Nicholas Namias: "Recovery can be weeks, months, years and some can be life-changing."
The federal government requires children's sleepwear to be flame resistant, unless the pajamas fit snugly. In that case, they do not have to be made of flame resistant material.
Carmel Cafiero: "Back in the 70s, all children's pajamas were required to be flame resistant. But standards were lifted in 1996. Since then, sleepwear-related burn injuries are up an estimated 157 percent.
And wait until you see what a difference material can mean.
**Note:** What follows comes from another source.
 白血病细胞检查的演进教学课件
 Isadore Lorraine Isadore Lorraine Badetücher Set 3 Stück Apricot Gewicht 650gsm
With the help of the Broward Sheriff's Office Fire Rescue Department, we put sleepwear to the test at the Davie Fire Academy. We used pajamas and a nightgown for 12-month-old girls and superhero PJs for 8-year-old boys. We found the boys pajamas on the same rack, at the same price.
But there's a big difference when they come into contact with a flame.
BSO Fire Rescue: "Look at the one on the left, how quickly it's burning. The one on the right is kind of melting."
In a matter of seconds, the pajamas on the left, which are not flame resistant, go up in flames.
BSO Fire Rescue: "We're probably about three or four minutes into this, and the garment on the right, the treated, flame resistant garment has still not ignited."
When we tested the girls' pajamas, more of the same.
BSO Fire Rescue: "You can see it didn't take long for that flame to have contact with the material before it ignited."
The non-flame resistant pair on the left burned quickly. The nightgown, even when put in direct contact with the candle, just melts in the corner.
BSO Fire Rescue: "This garment continues to perform well with that flame resistant coating."
It gives extra time that, experts say, could mean the difference between an accident and a tragedy.
Pamela Gorman: "You saw how quickly sleepwear that was not flame resistant caught that flame and instantly went up."
That's why it's important to read the tags. If the material is not flame resistant, you'll find a tag like this, and experts say don't be confused by the use of the words "lounge wear."
Pamela Gorman: "Some companies are starting to use the loophole of labeling stuff as a 'lounge wear' and they are getting out of having to make it flame resistant."
It's all information Susan, a careful mom, didn't know.
Susan Wolfman: "I'm going to go out and throw out all my pajamas that are not flame resistant."
It may take a little extra time to read the tags, but what a difference it can make when it comes to safe sleep.